> On Jul 31, 2019, at 1:34 PM, Geoff Conway <gcon...@bigpond.net.au> wrote:
> 
>> ...
> 
> There is a reason for mentioning the OS side of things and while in the real 
> world the majority of PDP11 peripherals are set by switchpacks on the cards 
> (been there done that) - the device code for that peripheral (if it's 
> intelligent?) would (presumably) read those register values and load them 
> into itself so it knows what addresses to respond to. In sysgen/netgen 
> (whichever being relevant) the CSR/vector values for every peripheral are 
> then manually entered by a human and the system/DECNet built.

That depends on the OS.

I think most OS know the floating CSR rules and use that to identify the 
devices; you specify CSRs manually only if your address settings don't conform.
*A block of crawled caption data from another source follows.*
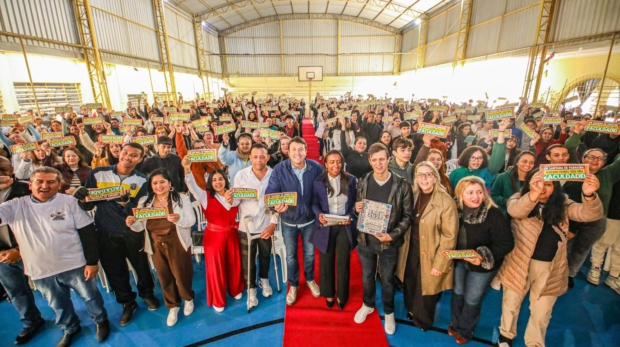Aula inaugural do Cursinho Pré-Vestibular, ENEM e Pré-ETEC 2025 em Santana de Parnaíba: mais uma etapa rumo ao futuro de centenas de jovens! Foto: Prefeitura De Santana De Parnaíba (Redes Sociais/Reprodução)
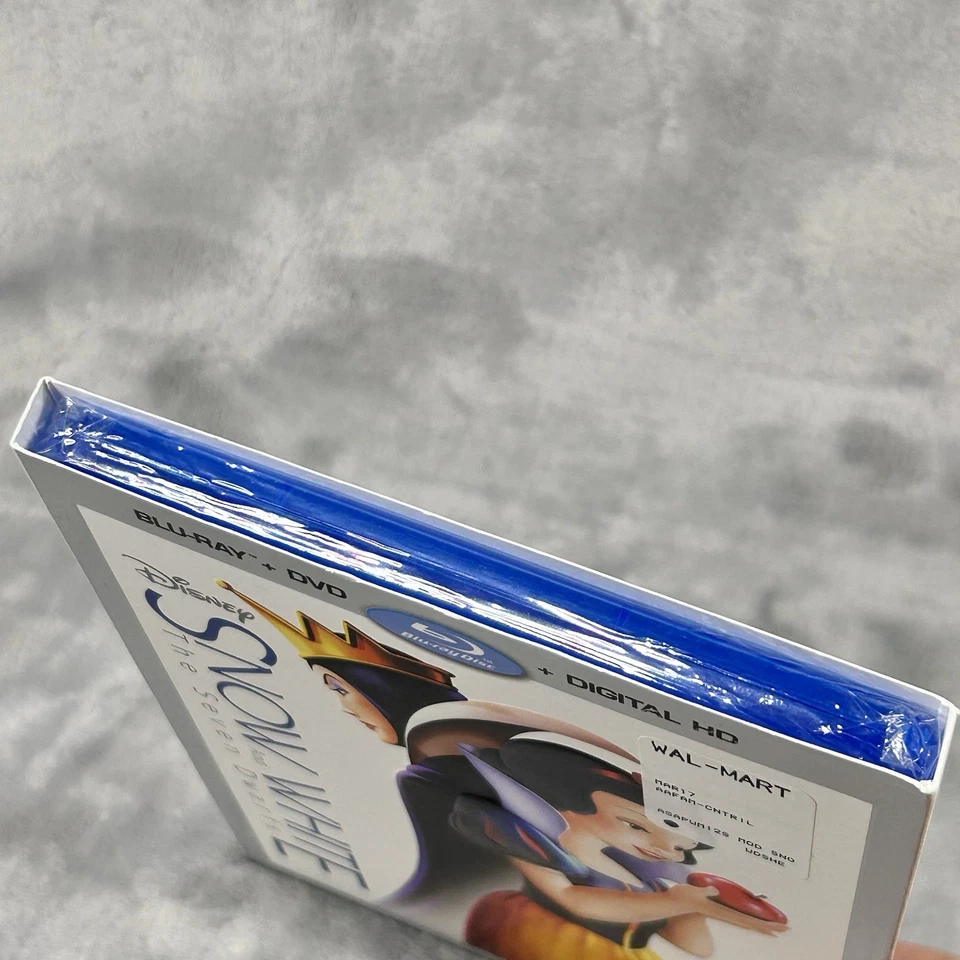 Snow White and the Seven Dwarfs (Blu-ray + DVD) Disney Signature Collection NEW - Image 2 of 4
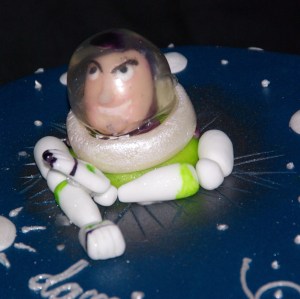 buzz lightyear van fondant en helm van gelatine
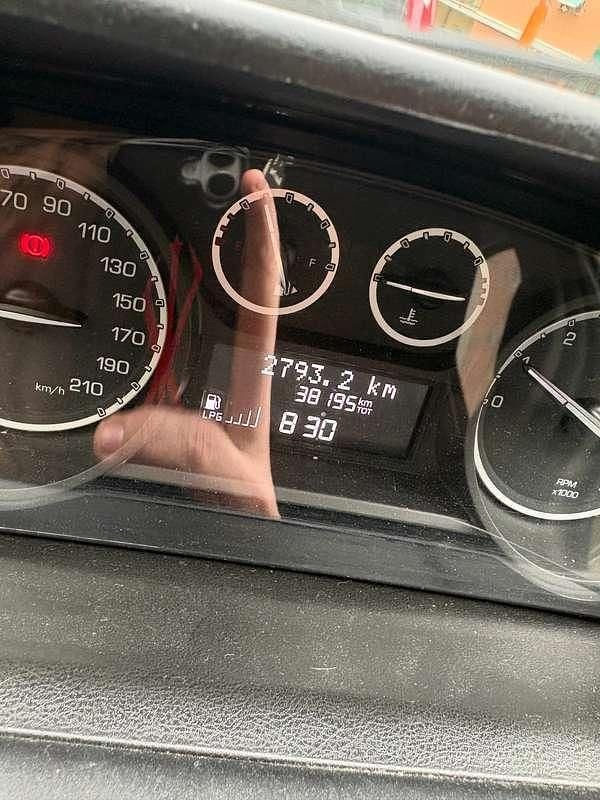 Usata Lancia Ypsilon Gold 69 CV (50 kW) 2015 Bianco Utilitaria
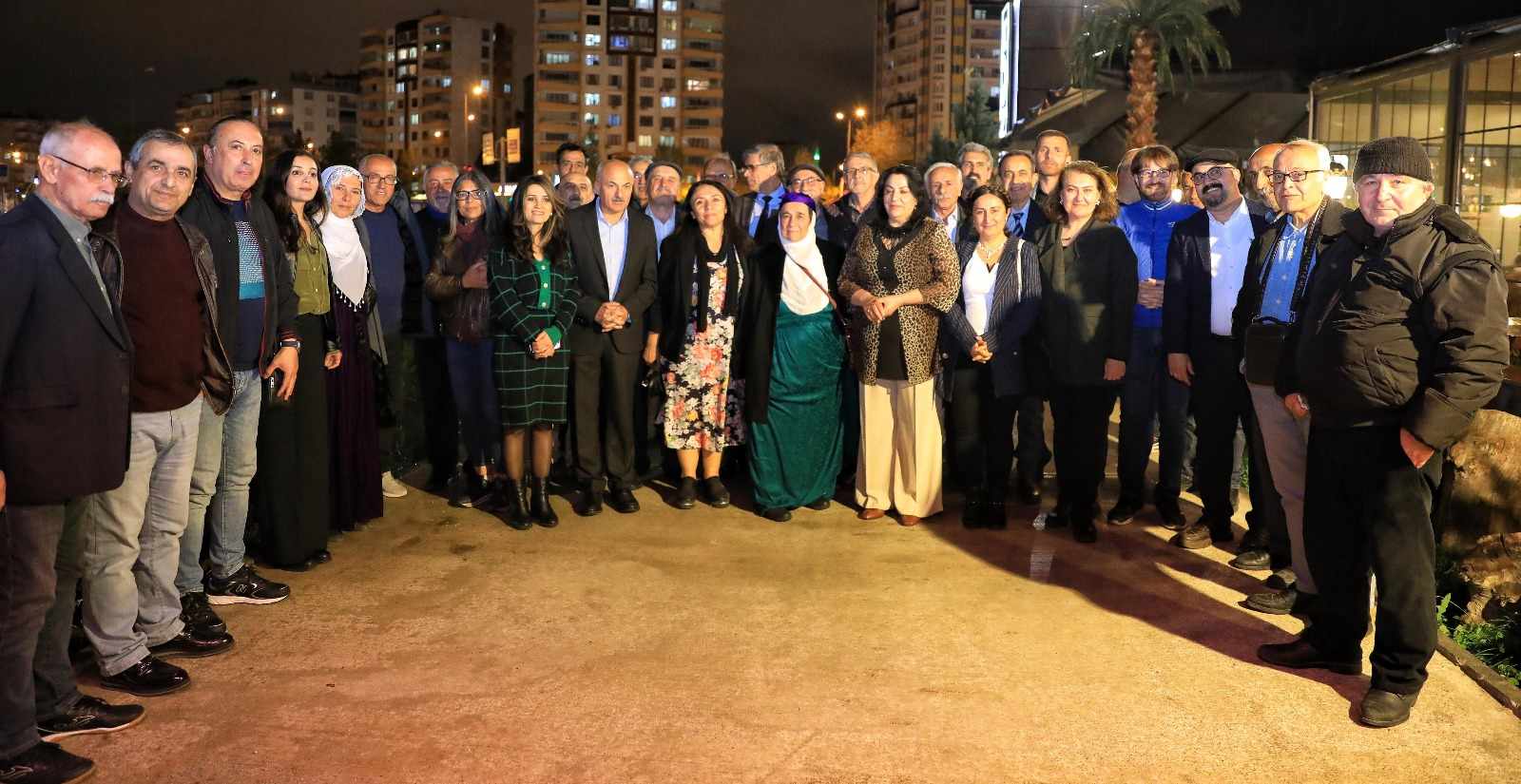 Buluşmada hatıra fotoğrafı çekildi.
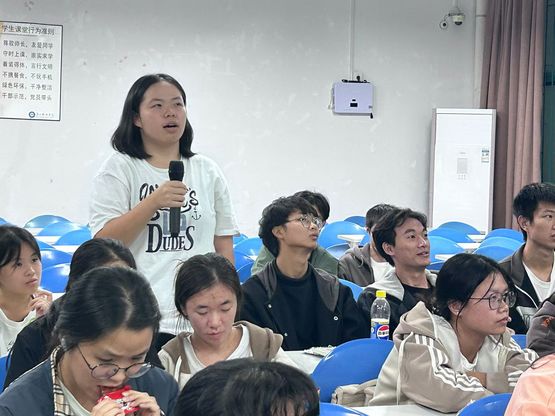 图3游戏互动现场3.jpg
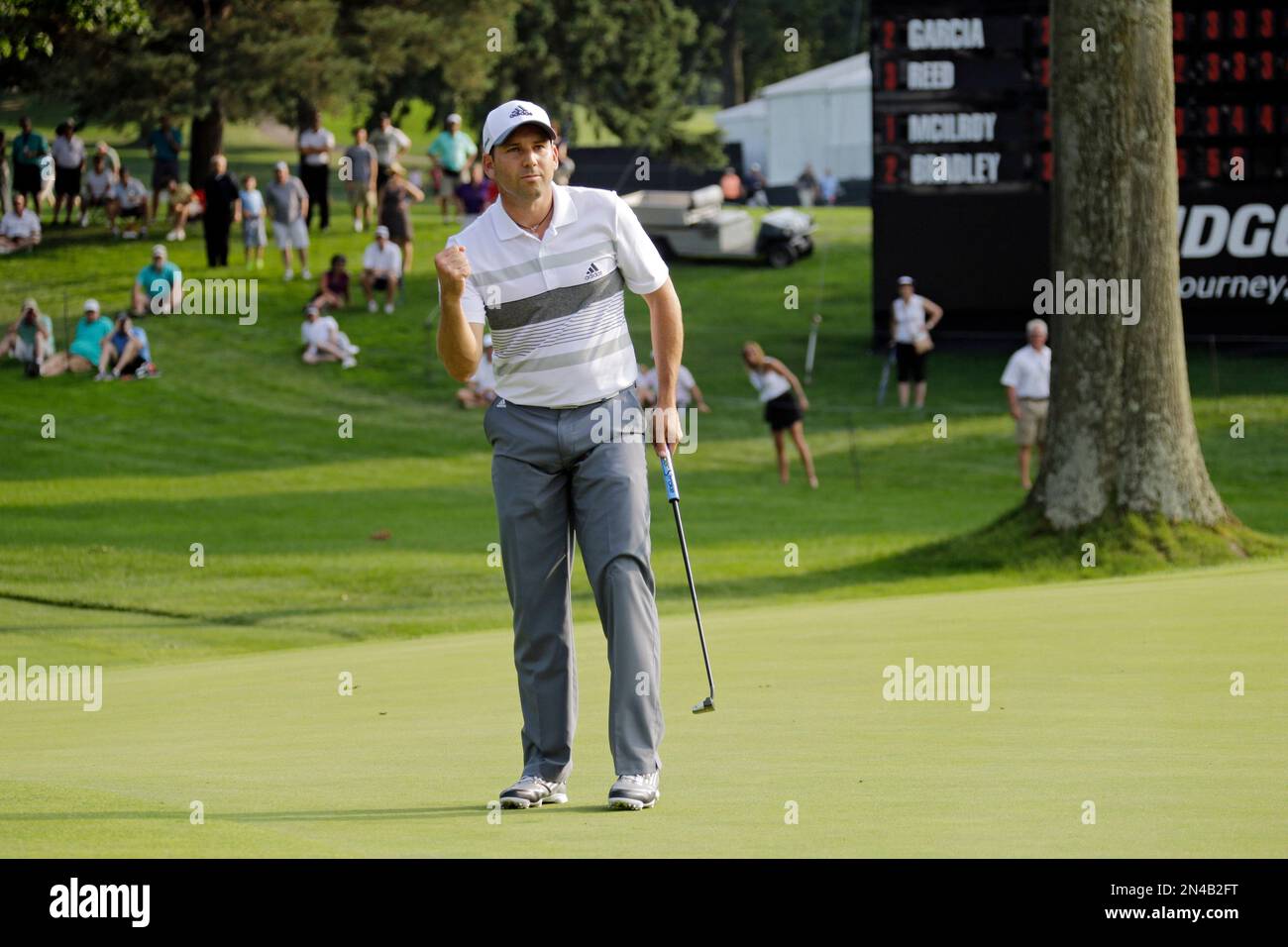 Sergio Garcia celebrates after making birdie on the 18th green during the second round of the Bridgestone Invitational golf tournament Friday, Aug. 1, 2014, at Firestone Country Club in Akron, Ohio. (AP Photo/Mark Duncan) Stockfoto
Similarly with vectors: the OS may implement the float vector rules to compute 
the vector addresses for the devices.  Or it may do what RSTS does, which is to 
"poke" each device at boot time to make it interrupt, then remember what the 
vector address was.  So RSTS requires float CSRs in order to autoconfigure 
devices but doesn't mind what the vectors are so long as they are all unique.

> ...
> The 3 exceptions are all the 3 devices I included in my simh qbus 
> configuration and when I entered the "show dev" command prior to booting the 
> OS disk all of those simh devices had CSR values but no vectors - devices 
> DEQNA=XQ/XQB; KDA50=RQ/RQB and finally TK50=TQ.
> Prior to entering the OS they had <no vector> against them and after the OS 
> was booted into a fully configured system and then finally shutdown those 
> same 5 simh device then had their vectors assigned.
> 
> Why ?

After reset, the vector address is not set.  Once the OS programs the vector 
address by appropriate commands to the device, it remains in effect until 
cleared.  Shutdown (on the OS you are using) apparently doesn't do a reset so 
the vector remains set to what the OS assigned.

> ...
> Other cards I have experience of (ACC X.25 card) I believe also had 
> programmable vectors (yet to be confirmed) so while that mechanism certainly 
> won't be in an older card like the DEUNA it is in the newer 

For SIMH purposes the discussion is about DEC peripherals: for those the three 
mentioned are the only ones with programmable vectors.  Sure, the idea makes a 
lot of sense in newer devices and it's not surprising that some non-DEC boards 
would have adopted the same feature.